Decide on the pond’s basic shape and size as well as its location.
Design your pond and stream with different views in mind. Take advantage of a natural slope for a stream and several small waterfalls. Create a pond that is an accent to the yard, not one that overpowers it. Place the pond close to your home so it can always be enjoyed.
Use local stone to make the waterfall seem more natural.
Clear away sod and/or brush. Measure and mark out the maximum dimensions of the pond with spray paint (Image 1). To create the pond shape, lay a garden hose to fit the dimensions and then adjust it to create flowing curves and a natural shape (Image 2). Using spray paint, trace out the final shape of the pond (Image 3).
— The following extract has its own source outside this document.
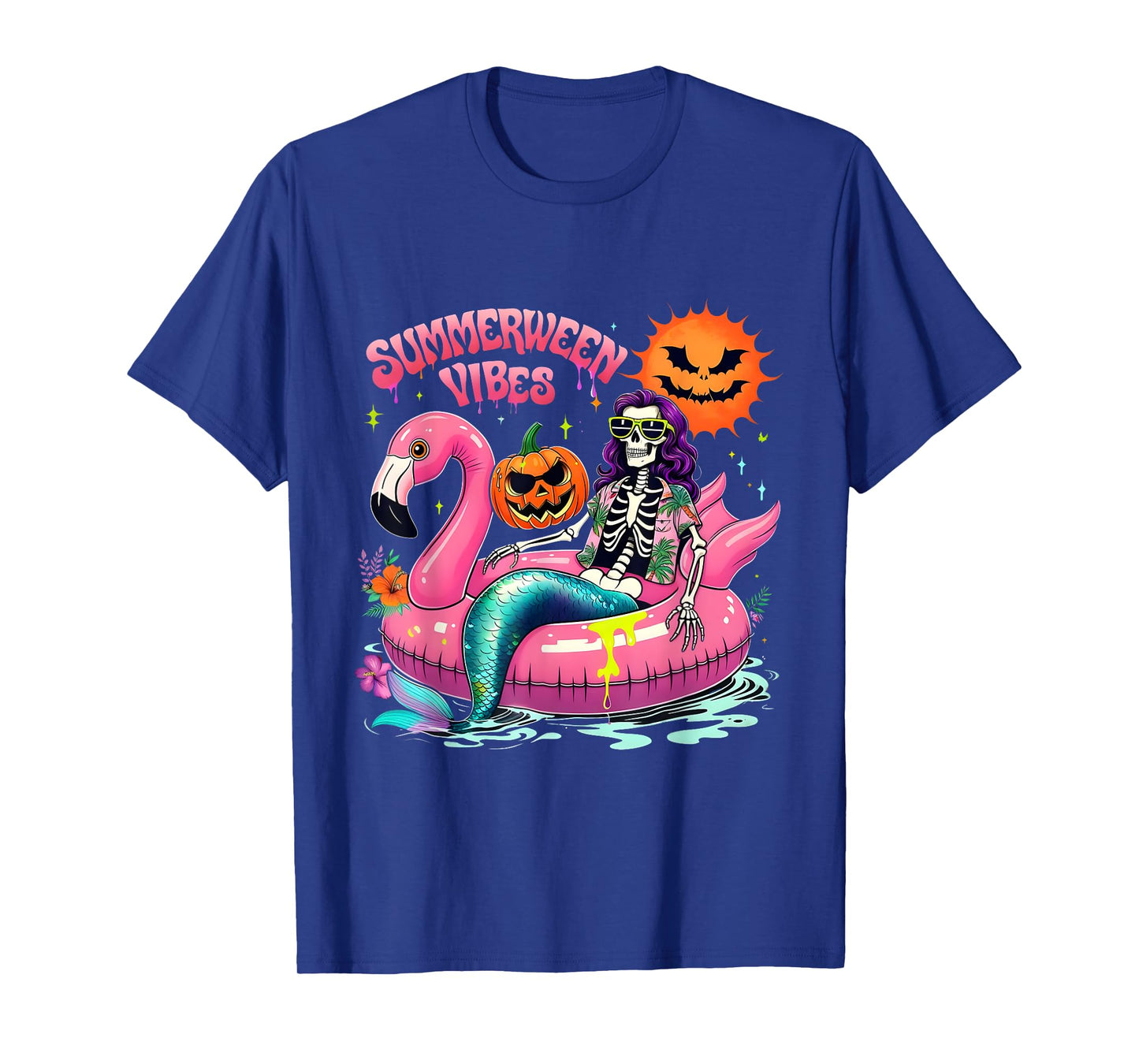 Spooky Summerween Skeleton Pool Float Design T-Shirt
Lay out the top Biofalls filter and the bottom skimmer filter. Laying out the filters determines the water flow of the pond and will act as a guideline for pond and stream design. Lay the top filter at the highest point of the stream and pond (Image 1). The bottom filter has a catch basket and should be placed as far away as possible from the water source on top (Image 2). There should be no dead zones in the pond. A dead zone is an area in the pond where there is little or no water circulation. Connect the two filters with a flexible PVC pipe near the perimeter of the pond (Image 3). Excavate using a shovel or a pick axe. The PVC pipe is durable, so the trench does not need to be deep.
Dig the entire pond one shovel depth (approximately six to eight inches). As you dig out, use the excavated earth to fill in low areas or build up height in other places of the water feature. Compact the newly placed earth using a hand tamper so it won’t shift. After the first level has been built, dig out a second inner level another six to eight inches. Follow with a third level. The maximum depth of the pond should be approximately 18-20 inches.
Place the bottom filter in the excavated pond. Dig out the space for the top filter, place the filter and level it. To ensure that the top filter does not move, build a natural looking berm around it with the excavated earth and stones to provide stability.
Install the underlayment over the filter; you’ll cut it down to size later. Start at the bottom of the pond and fit the underlayment to the pond shape by pleating the material. Install the liner in the same manner. The liner should be fish safe and carry a long warranty.
Place the stones. Placing stone in the pond serves many purposes: stone keeps the liner in place, protects it from ultraviolet rays and makes the pond appear natural. Stone also creates a surface for algae and microorganisms to colonize on.
To determine the total tonnage of boulders, larger stones, needed for your pond, take the length times the width of the pond and divide it by 65. A quarter of that tonnage should be small stones, a quarter should be large stones and half should be medium-sized stones. To figure out the amount of smooth gravel used for filler and for covering the liner, take the boulder tonnage number and multiply it by .45.
Start arranging stone in the pond. Pay attention to the ratio and incorporate a variety of sizes in the pond. Place the larger stones first and then fill in with gravel. To create a natural looking stream, begin with jagged ledge stone and use smaller stones on the inside and bottom of the pond so that the stone appears to have been smoothed by tumbling down the pond. Create fish caves in the pond to protect the fish from predators.